Très sollicité, Thundercat évolue dans une famille élargie, plusieurs de ses membres éminents sont venus lui prêter main-forte et ont participé aux séances d’enregistrement de son quatrième album :
« Entre moi et des mecs comme Ty Dolla $ign, Louis Cole, Donald Glover (Childish Gambino), Steve Arrington, Zach Fox, Lil B, il y a un lien solide. Nous collaborons depuis un bon moment, mais le travail sur cet album nous a rapprochés encore davantage. Ç’a même changé des choses dans ma musique. Ils sont aujourd’hui de vrais amis et je me sens très chanceux de les avoir eu avec moi pour sa création. Comme moi, Lil B et Ty Dolla $ign étaient des amis proches de Mac Miller, nous avons tous été ébranlés par sa mort. En même temps, il a été un phare pour nous durant les séances d’enregistrement. Mac était un authentique musicien, bien au-delà du chant et du rap, ses habiletés musicales étaient considérables. Ç’a été l’occasion de partager amour et amitié en son souvenir. »

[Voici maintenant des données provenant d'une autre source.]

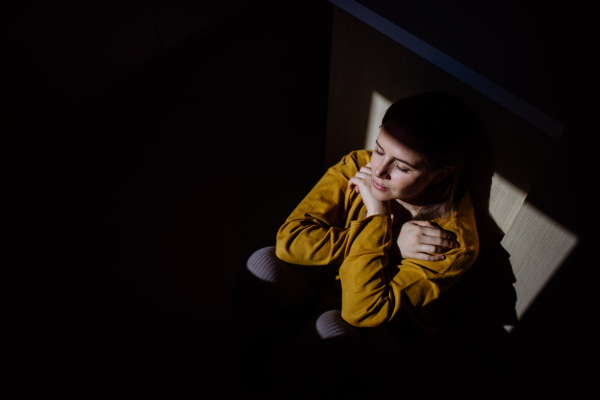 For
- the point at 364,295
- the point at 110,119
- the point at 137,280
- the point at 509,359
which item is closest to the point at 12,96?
the point at 110,119

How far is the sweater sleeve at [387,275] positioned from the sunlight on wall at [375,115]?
0.35 m

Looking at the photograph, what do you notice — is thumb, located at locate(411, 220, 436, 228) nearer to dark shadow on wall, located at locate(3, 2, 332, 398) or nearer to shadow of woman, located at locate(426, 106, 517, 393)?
shadow of woman, located at locate(426, 106, 517, 393)

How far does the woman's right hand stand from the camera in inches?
39.8

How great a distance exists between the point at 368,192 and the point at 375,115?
12.2 inches

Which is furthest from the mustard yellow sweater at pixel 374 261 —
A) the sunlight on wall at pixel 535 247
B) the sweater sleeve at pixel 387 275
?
the sunlight on wall at pixel 535 247

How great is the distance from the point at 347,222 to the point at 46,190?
1.20 m

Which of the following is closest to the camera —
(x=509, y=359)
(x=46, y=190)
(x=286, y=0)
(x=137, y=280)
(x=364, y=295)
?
(x=364, y=295)

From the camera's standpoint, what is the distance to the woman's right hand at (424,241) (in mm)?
1010

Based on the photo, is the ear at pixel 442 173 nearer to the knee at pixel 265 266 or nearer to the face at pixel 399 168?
the face at pixel 399 168

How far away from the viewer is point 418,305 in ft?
3.36

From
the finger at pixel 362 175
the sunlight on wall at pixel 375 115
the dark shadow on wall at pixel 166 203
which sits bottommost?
the dark shadow on wall at pixel 166 203

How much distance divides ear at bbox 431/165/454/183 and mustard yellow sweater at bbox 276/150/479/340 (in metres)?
0.09

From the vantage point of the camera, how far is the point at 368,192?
1070 millimetres

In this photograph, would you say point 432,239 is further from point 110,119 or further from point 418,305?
point 110,119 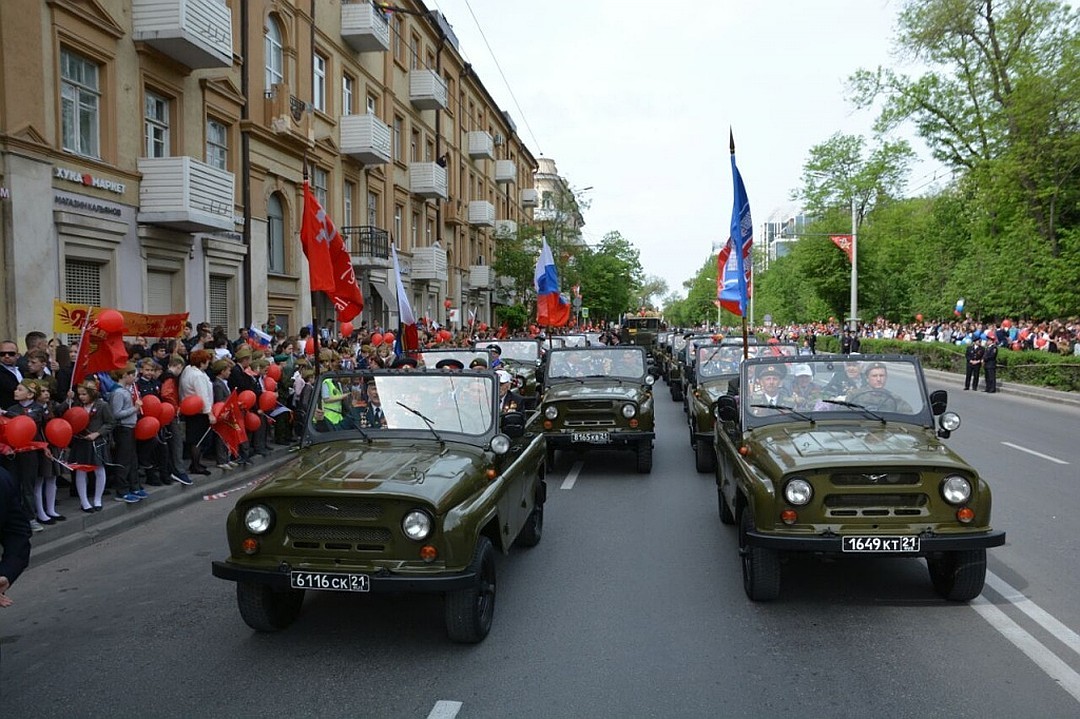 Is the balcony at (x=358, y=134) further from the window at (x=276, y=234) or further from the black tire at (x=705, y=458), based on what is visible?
the black tire at (x=705, y=458)

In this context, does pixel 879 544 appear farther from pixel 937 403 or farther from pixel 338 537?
pixel 338 537

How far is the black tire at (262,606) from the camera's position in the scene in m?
5.11

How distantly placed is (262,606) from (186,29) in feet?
49.2

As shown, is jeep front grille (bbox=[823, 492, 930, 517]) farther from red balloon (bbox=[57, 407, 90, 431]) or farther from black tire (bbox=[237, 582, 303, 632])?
red balloon (bbox=[57, 407, 90, 431])

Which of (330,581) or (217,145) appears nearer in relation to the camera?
(330,581)

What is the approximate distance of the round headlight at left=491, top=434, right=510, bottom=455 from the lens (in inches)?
227

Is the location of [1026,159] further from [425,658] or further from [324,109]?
[425,658]

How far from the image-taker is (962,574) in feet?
18.2

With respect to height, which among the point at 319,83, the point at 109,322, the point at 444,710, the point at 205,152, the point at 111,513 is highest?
the point at 319,83

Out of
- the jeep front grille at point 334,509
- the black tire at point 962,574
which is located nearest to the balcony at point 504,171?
the black tire at point 962,574

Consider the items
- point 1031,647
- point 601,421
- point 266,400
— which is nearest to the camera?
point 1031,647

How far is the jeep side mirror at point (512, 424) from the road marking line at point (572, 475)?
175 inches

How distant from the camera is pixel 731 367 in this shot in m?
13.5

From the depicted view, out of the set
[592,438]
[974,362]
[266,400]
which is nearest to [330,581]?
[592,438] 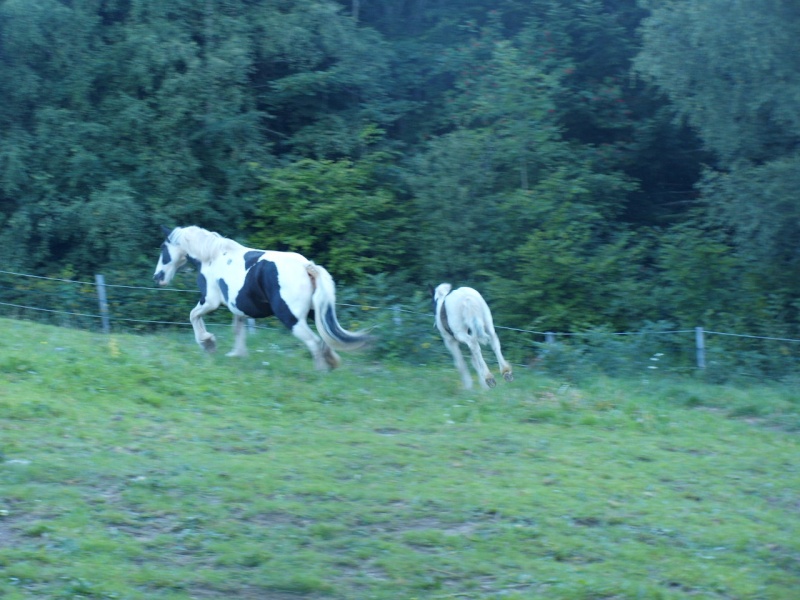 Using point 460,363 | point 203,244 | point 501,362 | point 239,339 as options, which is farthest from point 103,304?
point 501,362

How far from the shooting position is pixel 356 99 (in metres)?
23.4

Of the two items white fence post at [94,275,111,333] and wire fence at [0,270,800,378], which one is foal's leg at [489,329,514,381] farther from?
white fence post at [94,275,111,333]

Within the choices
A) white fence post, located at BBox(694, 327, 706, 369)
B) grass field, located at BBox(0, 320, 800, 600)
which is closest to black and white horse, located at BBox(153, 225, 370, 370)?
grass field, located at BBox(0, 320, 800, 600)

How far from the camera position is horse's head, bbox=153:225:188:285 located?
512 inches

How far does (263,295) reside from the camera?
11812mm

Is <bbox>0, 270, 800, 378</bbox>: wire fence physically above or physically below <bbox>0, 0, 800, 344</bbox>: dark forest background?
below

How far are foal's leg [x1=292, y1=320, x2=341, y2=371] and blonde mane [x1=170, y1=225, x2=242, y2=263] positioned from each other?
5.20ft

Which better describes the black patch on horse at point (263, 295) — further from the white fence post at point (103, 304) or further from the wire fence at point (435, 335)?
the white fence post at point (103, 304)

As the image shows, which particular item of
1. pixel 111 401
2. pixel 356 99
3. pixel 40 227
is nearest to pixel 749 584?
pixel 111 401

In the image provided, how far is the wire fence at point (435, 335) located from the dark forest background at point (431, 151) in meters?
1.30

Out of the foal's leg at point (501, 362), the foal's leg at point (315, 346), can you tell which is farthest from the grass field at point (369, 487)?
the foal's leg at point (315, 346)

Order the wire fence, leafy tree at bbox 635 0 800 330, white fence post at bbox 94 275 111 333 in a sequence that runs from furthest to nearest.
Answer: white fence post at bbox 94 275 111 333 → leafy tree at bbox 635 0 800 330 → the wire fence

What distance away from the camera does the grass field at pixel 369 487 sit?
5617 millimetres

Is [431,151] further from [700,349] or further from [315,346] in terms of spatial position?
[315,346] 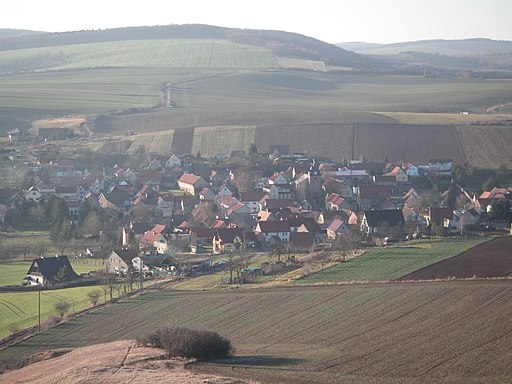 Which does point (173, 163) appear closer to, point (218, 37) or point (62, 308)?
point (62, 308)

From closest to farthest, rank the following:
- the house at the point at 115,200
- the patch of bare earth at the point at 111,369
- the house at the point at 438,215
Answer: the patch of bare earth at the point at 111,369 → the house at the point at 438,215 → the house at the point at 115,200

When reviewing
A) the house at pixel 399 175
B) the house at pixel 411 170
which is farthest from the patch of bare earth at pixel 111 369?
the house at pixel 411 170

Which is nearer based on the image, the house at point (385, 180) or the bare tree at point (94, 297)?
the bare tree at point (94, 297)

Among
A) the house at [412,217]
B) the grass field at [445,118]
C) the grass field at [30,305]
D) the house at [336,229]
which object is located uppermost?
the grass field at [445,118]

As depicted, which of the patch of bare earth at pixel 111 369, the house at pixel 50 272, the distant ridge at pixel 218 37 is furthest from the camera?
the distant ridge at pixel 218 37

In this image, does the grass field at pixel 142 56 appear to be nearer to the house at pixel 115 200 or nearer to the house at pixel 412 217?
the house at pixel 115 200

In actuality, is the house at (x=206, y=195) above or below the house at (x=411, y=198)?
below

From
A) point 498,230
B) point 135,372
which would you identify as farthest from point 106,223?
point 135,372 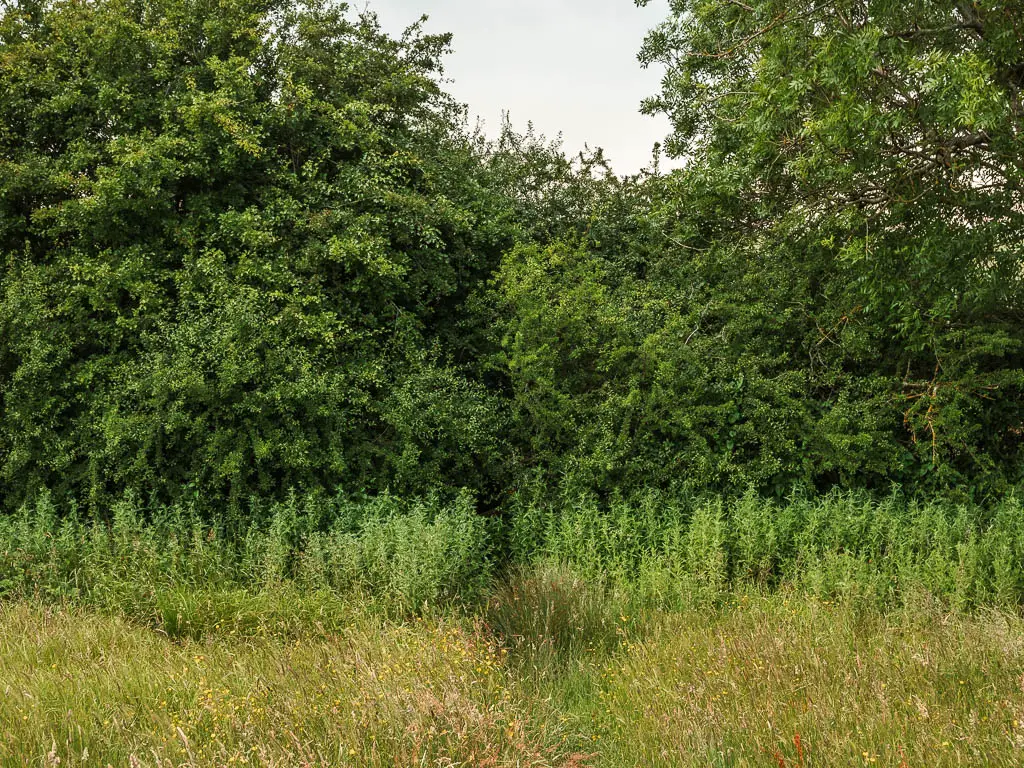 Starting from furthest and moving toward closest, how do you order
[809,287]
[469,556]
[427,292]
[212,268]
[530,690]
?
[427,292]
[809,287]
[212,268]
[469,556]
[530,690]

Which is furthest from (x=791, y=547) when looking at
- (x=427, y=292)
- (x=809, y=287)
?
(x=427, y=292)

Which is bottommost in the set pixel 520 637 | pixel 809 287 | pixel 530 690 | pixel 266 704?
pixel 530 690

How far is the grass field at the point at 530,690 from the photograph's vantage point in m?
3.21

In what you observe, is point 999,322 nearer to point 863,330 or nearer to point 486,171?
point 863,330

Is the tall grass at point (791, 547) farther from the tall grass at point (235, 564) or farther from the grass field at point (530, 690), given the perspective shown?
the tall grass at point (235, 564)

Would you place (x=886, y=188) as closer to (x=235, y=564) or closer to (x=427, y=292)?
(x=427, y=292)

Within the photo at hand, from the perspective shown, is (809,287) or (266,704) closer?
(266,704)

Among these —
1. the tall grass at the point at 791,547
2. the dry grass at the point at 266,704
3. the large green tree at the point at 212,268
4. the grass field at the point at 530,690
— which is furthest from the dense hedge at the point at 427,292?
the dry grass at the point at 266,704

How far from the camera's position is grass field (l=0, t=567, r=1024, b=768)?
321cm

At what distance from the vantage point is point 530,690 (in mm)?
4508

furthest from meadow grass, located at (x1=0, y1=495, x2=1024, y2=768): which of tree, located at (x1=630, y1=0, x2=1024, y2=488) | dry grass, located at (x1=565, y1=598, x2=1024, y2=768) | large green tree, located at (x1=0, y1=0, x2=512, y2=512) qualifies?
tree, located at (x1=630, y1=0, x2=1024, y2=488)

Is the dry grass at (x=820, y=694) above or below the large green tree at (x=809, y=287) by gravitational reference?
below

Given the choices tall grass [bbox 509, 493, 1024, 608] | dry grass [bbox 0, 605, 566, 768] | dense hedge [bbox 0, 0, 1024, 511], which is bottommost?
dry grass [bbox 0, 605, 566, 768]

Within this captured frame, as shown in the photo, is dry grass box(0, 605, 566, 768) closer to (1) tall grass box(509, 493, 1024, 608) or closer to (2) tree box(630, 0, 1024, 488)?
(1) tall grass box(509, 493, 1024, 608) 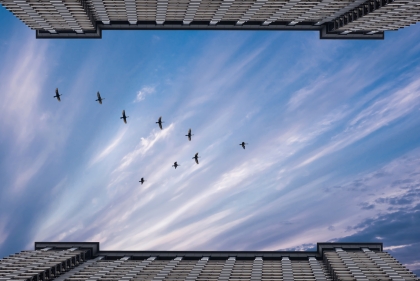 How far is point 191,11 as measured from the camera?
103 meters

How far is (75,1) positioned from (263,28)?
4998 centimetres

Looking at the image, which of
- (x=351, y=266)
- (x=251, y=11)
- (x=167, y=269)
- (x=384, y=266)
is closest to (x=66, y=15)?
(x=251, y=11)

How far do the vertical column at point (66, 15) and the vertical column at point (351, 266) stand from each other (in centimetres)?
6891

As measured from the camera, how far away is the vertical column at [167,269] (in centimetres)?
9075

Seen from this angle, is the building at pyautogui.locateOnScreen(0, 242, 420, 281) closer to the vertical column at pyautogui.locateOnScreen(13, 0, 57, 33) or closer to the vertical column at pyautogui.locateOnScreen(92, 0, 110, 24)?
the vertical column at pyautogui.locateOnScreen(13, 0, 57, 33)

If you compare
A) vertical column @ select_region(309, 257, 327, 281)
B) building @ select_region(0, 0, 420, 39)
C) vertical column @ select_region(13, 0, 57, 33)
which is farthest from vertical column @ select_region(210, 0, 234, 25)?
vertical column @ select_region(309, 257, 327, 281)

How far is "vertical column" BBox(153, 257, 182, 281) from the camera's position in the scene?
90750 mm

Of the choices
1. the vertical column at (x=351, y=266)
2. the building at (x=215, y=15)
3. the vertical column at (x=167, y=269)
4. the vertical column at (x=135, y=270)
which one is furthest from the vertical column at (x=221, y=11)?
the vertical column at (x=135, y=270)

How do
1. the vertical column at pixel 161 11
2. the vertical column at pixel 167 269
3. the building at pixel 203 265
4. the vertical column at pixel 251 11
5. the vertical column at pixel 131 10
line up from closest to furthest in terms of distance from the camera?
the building at pixel 203 265 < the vertical column at pixel 167 269 < the vertical column at pixel 131 10 < the vertical column at pixel 251 11 < the vertical column at pixel 161 11

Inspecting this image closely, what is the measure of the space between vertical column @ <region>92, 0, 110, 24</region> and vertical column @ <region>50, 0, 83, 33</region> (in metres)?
5.09

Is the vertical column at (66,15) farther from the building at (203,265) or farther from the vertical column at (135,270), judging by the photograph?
the vertical column at (135,270)

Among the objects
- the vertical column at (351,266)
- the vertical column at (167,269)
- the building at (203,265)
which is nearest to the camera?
the vertical column at (351,266)

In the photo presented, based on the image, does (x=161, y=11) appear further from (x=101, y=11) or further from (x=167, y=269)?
(x=167, y=269)

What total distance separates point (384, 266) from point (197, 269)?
34.9m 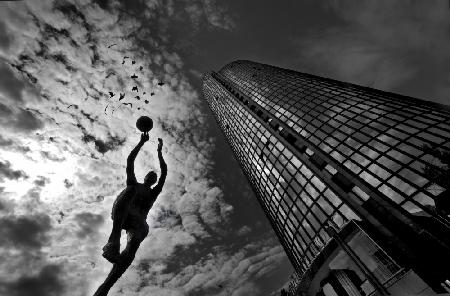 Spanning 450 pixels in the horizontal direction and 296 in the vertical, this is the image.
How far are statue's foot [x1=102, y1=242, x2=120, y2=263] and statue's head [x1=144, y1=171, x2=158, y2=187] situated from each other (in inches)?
74.2

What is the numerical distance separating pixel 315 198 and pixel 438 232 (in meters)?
14.8

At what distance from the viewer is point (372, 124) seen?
107ft

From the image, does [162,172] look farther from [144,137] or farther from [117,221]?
[117,221]

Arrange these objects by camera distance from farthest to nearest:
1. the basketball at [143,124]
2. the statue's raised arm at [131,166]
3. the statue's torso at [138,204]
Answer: the basketball at [143,124], the statue's raised arm at [131,166], the statue's torso at [138,204]

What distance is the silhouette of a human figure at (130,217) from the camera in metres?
5.56

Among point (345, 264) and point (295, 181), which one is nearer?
point (345, 264)

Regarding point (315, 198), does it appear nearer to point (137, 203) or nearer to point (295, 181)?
point (295, 181)

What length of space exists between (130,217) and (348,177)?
5.67 m

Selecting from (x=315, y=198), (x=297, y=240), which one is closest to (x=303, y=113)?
(x=315, y=198)

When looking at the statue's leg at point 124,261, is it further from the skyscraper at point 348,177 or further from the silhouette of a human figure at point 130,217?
the skyscraper at point 348,177

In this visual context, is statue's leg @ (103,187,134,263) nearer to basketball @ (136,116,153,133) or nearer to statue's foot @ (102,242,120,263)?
statue's foot @ (102,242,120,263)

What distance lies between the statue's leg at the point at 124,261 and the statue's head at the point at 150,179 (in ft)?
4.00

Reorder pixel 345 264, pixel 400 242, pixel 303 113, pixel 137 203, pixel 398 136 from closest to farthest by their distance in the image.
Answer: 1. pixel 400 242
2. pixel 137 203
3. pixel 345 264
4. pixel 398 136
5. pixel 303 113

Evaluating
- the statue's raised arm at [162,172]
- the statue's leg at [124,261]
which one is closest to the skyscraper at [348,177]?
the statue's raised arm at [162,172] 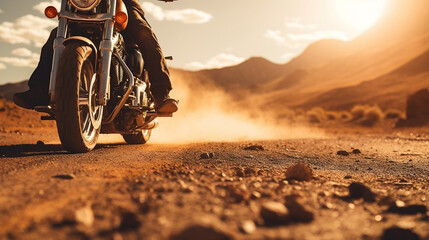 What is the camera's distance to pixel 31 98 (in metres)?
4.40

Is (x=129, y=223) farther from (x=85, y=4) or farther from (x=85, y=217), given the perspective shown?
(x=85, y=4)

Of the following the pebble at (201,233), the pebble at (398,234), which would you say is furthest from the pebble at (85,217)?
the pebble at (398,234)

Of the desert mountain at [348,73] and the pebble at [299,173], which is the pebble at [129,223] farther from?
the desert mountain at [348,73]

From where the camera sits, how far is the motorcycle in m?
3.70

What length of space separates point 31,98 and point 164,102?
1564 millimetres

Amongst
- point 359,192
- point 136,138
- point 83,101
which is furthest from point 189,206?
point 136,138

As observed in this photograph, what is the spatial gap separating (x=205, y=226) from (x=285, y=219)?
1.58ft

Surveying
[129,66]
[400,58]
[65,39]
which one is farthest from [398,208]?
[400,58]

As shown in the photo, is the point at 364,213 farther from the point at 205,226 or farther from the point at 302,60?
the point at 302,60

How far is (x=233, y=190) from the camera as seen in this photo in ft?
6.86

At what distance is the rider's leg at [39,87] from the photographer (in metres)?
→ 4.39

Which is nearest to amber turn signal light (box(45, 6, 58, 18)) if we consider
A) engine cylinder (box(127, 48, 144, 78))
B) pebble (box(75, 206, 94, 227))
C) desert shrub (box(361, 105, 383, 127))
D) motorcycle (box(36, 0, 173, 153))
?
motorcycle (box(36, 0, 173, 153))

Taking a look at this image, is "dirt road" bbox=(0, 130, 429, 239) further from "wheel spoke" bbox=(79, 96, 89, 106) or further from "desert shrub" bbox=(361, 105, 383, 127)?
"desert shrub" bbox=(361, 105, 383, 127)

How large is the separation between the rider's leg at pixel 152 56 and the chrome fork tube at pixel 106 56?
675mm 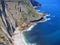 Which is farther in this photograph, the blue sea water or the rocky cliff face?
the rocky cliff face

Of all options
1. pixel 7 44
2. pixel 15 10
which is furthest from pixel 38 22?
pixel 7 44

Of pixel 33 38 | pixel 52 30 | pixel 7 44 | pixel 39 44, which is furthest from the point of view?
pixel 52 30

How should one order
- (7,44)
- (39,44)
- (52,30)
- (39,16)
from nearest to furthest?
(7,44), (39,44), (52,30), (39,16)

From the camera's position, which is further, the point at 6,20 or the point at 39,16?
the point at 39,16

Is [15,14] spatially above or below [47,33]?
above

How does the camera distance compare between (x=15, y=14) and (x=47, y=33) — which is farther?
(x=15, y=14)

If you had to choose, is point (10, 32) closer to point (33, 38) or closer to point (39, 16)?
point (33, 38)

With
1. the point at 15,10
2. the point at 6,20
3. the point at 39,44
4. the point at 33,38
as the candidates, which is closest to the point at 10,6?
the point at 15,10

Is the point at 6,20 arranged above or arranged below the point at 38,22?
above

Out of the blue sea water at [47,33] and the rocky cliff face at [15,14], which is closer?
the blue sea water at [47,33] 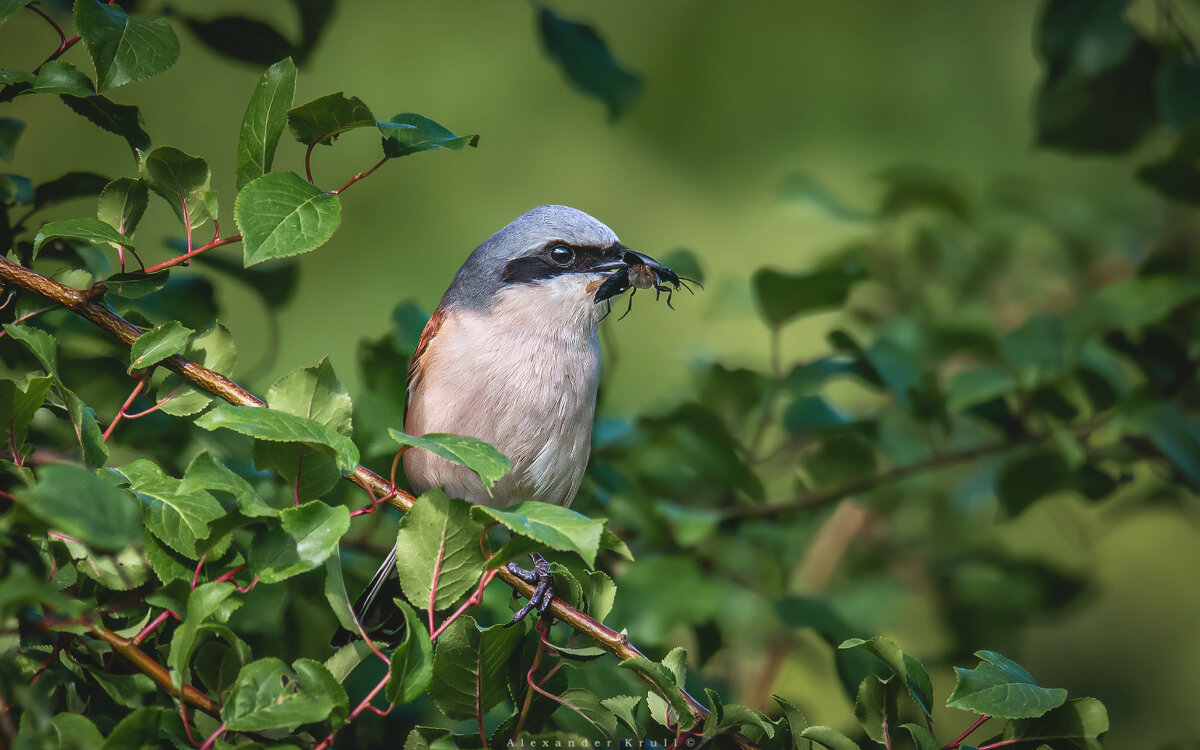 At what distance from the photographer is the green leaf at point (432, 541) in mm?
1254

Performeur aguerri, virtuose pour le moins spectaculaire, Thundercat se définit d’abord comme un artiste de la scène :
« Ma musique sur scène est assez différente de celle en studio, sans trop s’en éloigner. En studio, il y a toutes sortes de facteurs qui mènent au produit final, tandis que sur scène je joue avec le même trio avec depuis des années – Justin Brown, batterie, Dennis Hamm, claviers, et je me sens privilégié de pouvoir compter sur eux. »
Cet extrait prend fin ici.